-- The problem --
In the listing below, locate the lines that hold the string "from". Copy those lines.

-- Provided records --
□ □ □

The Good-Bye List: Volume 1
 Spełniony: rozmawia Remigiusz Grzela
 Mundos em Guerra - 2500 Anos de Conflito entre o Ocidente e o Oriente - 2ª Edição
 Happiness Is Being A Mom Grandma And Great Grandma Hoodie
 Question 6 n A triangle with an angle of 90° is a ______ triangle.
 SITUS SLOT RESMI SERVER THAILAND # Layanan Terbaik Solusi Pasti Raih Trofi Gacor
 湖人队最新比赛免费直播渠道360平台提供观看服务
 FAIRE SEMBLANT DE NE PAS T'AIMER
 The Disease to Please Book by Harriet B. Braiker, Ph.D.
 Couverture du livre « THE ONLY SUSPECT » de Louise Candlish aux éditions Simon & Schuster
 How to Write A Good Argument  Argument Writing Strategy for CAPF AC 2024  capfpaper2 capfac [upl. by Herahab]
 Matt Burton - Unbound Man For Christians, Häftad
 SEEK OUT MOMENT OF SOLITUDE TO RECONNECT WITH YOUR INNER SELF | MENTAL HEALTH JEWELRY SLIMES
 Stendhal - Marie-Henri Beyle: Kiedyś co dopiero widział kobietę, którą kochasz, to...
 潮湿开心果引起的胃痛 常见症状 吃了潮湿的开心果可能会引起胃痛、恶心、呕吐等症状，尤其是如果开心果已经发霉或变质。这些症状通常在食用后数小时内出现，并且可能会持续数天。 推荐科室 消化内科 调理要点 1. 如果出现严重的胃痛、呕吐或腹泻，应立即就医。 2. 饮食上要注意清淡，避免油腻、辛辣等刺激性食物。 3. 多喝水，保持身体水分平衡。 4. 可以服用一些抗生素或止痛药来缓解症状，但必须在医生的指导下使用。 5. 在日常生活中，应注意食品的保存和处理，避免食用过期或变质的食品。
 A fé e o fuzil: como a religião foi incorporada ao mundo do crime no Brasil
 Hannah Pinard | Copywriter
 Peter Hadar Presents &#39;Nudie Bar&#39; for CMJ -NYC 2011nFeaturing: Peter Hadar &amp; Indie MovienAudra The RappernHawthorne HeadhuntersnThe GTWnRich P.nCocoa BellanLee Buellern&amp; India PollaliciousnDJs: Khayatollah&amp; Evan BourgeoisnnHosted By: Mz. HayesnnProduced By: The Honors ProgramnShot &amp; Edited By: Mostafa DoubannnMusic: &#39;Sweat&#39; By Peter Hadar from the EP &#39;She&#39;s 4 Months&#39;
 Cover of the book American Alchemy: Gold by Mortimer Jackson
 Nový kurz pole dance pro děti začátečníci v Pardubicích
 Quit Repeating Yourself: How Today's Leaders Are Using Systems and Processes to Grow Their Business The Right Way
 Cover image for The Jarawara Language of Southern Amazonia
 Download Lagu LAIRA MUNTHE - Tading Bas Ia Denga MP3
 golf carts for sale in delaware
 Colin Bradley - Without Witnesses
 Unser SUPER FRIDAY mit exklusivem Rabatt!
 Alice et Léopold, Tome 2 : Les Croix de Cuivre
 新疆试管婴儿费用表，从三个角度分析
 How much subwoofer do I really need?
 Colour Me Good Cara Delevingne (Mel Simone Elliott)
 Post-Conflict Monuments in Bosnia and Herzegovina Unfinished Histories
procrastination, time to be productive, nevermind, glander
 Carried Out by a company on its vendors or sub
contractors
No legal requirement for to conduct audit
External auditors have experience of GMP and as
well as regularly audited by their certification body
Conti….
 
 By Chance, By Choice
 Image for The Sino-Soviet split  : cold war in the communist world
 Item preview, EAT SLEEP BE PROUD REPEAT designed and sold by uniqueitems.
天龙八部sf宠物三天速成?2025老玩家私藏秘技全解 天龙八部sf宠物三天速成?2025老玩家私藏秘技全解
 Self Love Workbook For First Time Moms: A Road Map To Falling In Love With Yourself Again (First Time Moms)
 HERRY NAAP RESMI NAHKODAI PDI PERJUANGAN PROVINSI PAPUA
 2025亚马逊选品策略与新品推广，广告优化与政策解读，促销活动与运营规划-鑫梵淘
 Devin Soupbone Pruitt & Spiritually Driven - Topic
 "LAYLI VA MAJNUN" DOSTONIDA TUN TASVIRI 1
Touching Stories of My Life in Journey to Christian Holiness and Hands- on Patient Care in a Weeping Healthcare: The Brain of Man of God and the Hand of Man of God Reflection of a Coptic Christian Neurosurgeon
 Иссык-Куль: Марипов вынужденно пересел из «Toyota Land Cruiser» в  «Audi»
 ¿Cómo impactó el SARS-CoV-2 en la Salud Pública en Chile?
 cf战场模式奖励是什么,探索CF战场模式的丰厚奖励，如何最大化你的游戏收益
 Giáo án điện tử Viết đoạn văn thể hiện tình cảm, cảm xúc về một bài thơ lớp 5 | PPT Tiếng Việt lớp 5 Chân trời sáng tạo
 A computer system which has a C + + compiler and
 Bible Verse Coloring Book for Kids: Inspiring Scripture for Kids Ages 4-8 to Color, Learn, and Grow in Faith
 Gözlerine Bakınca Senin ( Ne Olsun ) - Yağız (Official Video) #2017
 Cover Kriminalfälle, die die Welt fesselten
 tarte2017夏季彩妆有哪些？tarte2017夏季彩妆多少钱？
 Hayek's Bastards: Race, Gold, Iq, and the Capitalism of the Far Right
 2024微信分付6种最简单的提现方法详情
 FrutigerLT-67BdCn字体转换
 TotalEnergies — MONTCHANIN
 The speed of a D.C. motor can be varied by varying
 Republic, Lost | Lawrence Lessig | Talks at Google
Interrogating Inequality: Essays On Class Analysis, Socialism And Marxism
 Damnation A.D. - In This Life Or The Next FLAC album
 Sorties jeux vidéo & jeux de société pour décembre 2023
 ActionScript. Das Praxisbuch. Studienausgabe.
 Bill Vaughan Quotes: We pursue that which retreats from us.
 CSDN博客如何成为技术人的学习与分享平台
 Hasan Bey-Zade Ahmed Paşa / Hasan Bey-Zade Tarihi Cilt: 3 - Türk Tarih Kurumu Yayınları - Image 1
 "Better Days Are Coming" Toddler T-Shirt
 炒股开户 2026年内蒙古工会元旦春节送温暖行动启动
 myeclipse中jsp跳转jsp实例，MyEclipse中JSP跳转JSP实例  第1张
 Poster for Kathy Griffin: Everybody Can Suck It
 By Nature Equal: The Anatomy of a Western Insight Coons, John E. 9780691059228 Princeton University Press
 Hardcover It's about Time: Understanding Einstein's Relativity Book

□ □ □

-- Task output --
 Peter Hadar Presents &#39;Nudie Bar&#39; for CMJ -NYC 2011nFeaturing: Peter Hadar &amp; Indie MovienAudra The RappernHawthorne HeadhuntersnThe GTWnRich P.nCocoa BellanLee Buellern&amp; India PollaliciousnDJs: Khayatollah&amp; Evan BourgeoisnnHosted By: Mz. HayesnnProduced By: The Honors ProgramnShot &amp; Edited By: Mostafa DoubannnMusic: &#39;Sweat&#39; By Peter Hadar from the EP &#39;She&#39;s 4 Months&#39;
 Bill Vaughan Quotes: We pursue that which retreats from us.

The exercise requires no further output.